Due Wednesday, 4 April 2012
The goal of this week's lab is to add the capability to cluster data to your Data class.
Read through all of the tasks and plan your design before you start writing code.
Create a Cluster class. The Cluster class should have the following
- name - a unique identifier for the clustering
- headers - a list of the headers used to create the clustering
- k - the number of clusters
- means - the set of cluster means
The cluster class should have the following methods.
- __init__ -- creates the fields and sets them to default values.
kmeans -- takes in a name, list of headers, number of
clusters, and a numpy matrix with each data point as a row and
executes k-means clustering, The name, headers, and k should be copied
into the Cluster object, and the means (code book) should be generated
by the clustering algorithm.
For this task you can either write your own clustering algorithm or make use of the scipy clustering routines.

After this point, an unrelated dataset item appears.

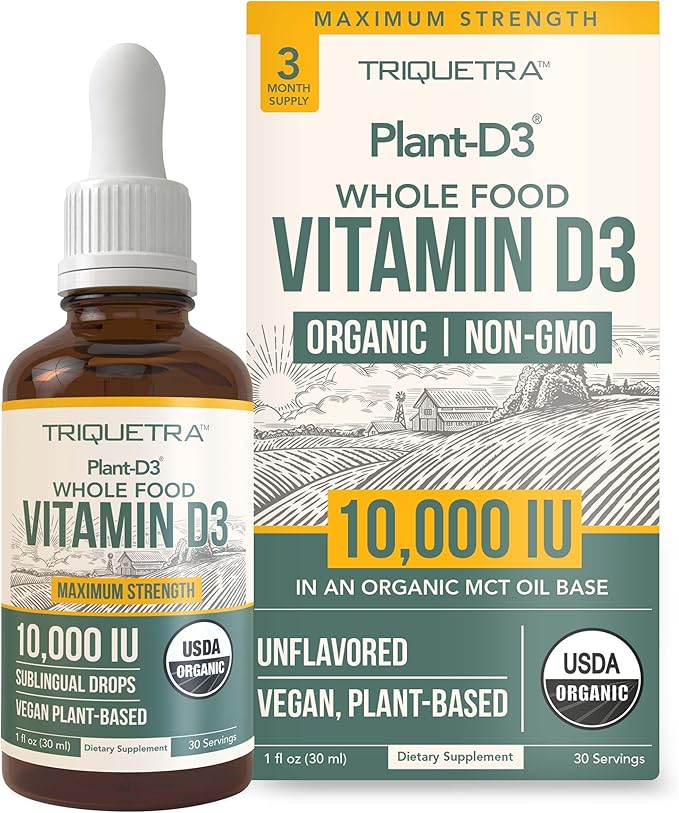 Organic Vitamin D3 10,000 IU - Plant D3, Vegan, Max Strength Sublingual Liquid D3 Drops - 200% Higher Absorption, 100% Plant-Based Cholecalciferol Form & Vegan D3, Adjustable Dosing (30 Servings)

If you use the scipy routines, then you will want to generate the k cluster means using the kmeans function and then use the vq function to classify each data point into one of the clusters.
- classify -- takes in a numpy matrix with each data point as a row and returns a 1-column matrix with the cluster ID of the closest cluster mean.

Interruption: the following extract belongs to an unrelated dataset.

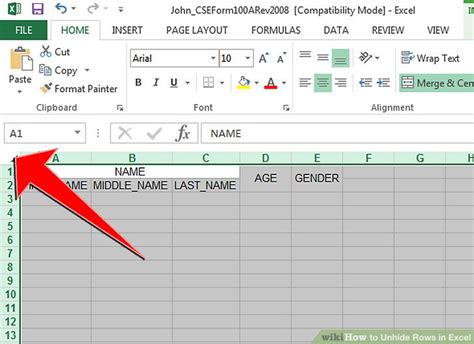 how to unhide locked rows in excel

Create any other necessary methods
- Add a method to your Data class that takes in a header string, a type string, and a column matrix of data (with the same number of rows as the data already in the Data class) and adds the column to the data set.
- Add a field to your Data class that can hold a list of Cluster objects.

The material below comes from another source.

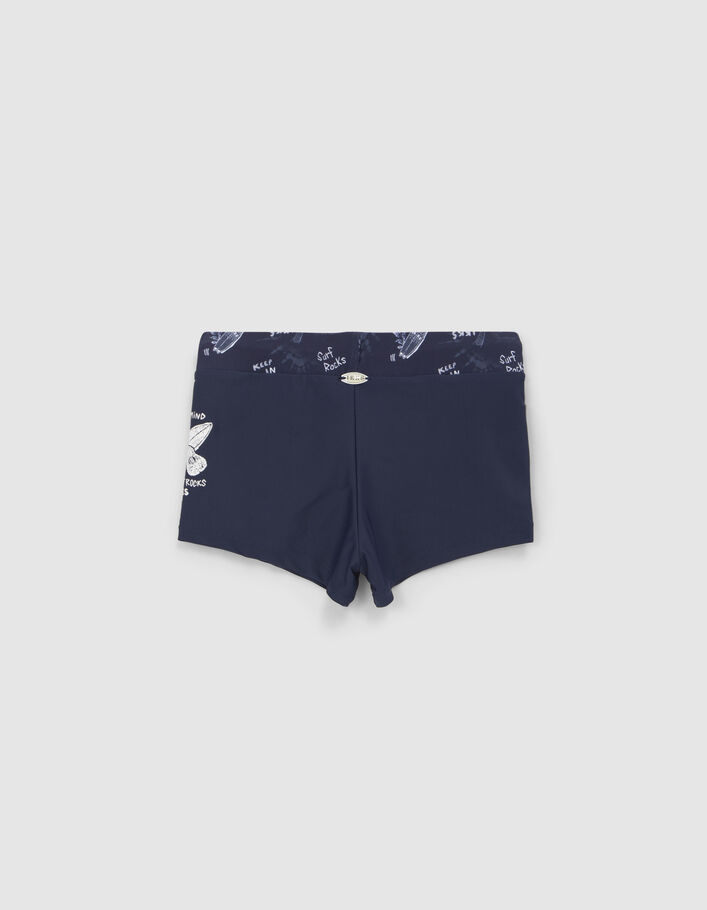 Boys’ navy swim shorts with printed waistband - IKKS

Add a method cluster that creates a Cluster object, uses it
to cluster the numeric data (default action), then uses the classify
function and adds the resulting new column of cluster IDs to the data.
You can make the cluster IDs either an enum type or a numeric type.
You will need to do some type of normalization prior to clustering. Make sure you use the same data for clustering and classification.
The cluster method should add the Cluster object it creates to the Data field Cluster list.
Add a menu item to your program that enables the user to execute a
clustering on the currently open data set. The default action should
be to use all of the numeric variables in the data set for clustering.
Selecting the menu item should cause your program to call the cluster method of your data set. You may want to provide some kind of feedback when the process is complete.
- After selecting the cluster menu option, your program should be able to plot up to three spatial variables and then use the cluster column to color the visualization. How you select the colors is a design decision.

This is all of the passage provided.